I am trying to find a tail bound for $X-Y$, where $X,Y$ are i.i.d. variables following Laplace distribution with parameter $(0,\lambda)$, i.e., the pdf is $P(X=x) = \frac{1}{2\lambda}e^{\frac{-|x|}{\lambda}}$.
Denote $Z=X-Y$, it is easy to calculate the pdf, $P(Z=z)=\frac{1}{4\lambda^2}(\lambda e^{\frac{-|z|}{\lambda}} + |z|e^{\frac{-|z|}{\lambda}})$.
Then I have such kind of tail probability and hope it be small, i.e, $P(Z \geq c \lambda) = \frac{1}{4} e^{-c}(2+c) \leq \delta$. When $c\geq 2$, we have $P(Z \geq c \lambda)\leq \frac{1}{2}c e^c \leq \delta$, where $0< \delta < 1$ is an arbitrary small constant.
A good kind of solution is that "as long as $c \geq f(\delta)$, then $ P(Z \geq c \lambda)\leq \delta$ always holds". Here $f(\delta)$ is a tail value, and we need to figure out what a particular $f(\delta)$ is.
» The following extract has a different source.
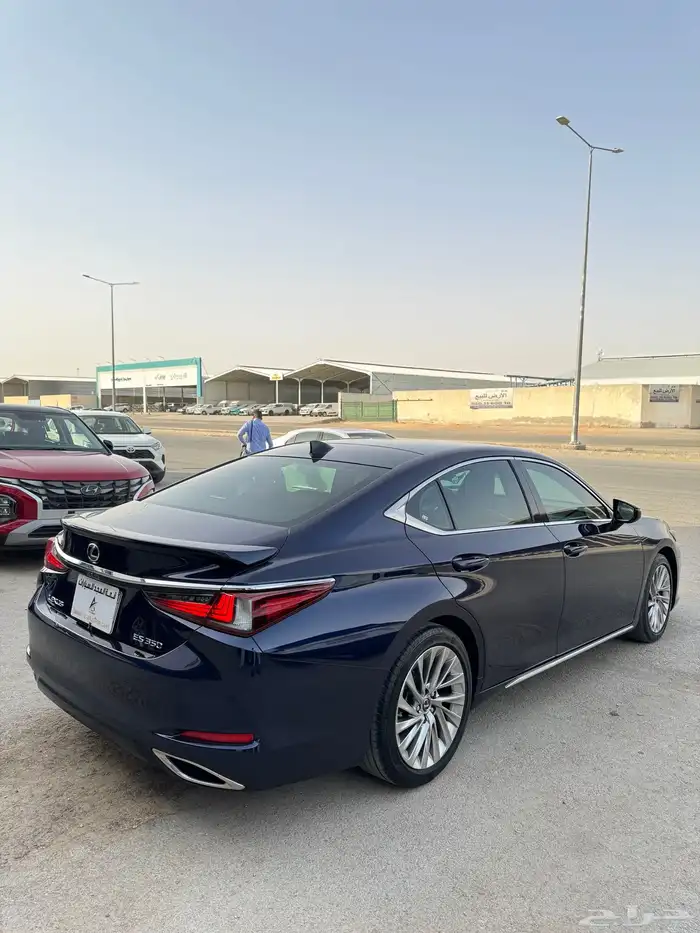 للبيع لكزس 2019 - ES350- سي سي بحالة الوكاله 3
Since directly inverse $\frac{1}{2}ce^{-c} = \delta$ is not easy, I turn to find an upper bound of $\frac{1}{2}ce^{-c}$, i.e., $\frac{1}{2}ce^{-c}\leq g(c)\leq \delta$, and $g(c)$ is easy to inverse. But I still have no idea about that.
Hope this is clear.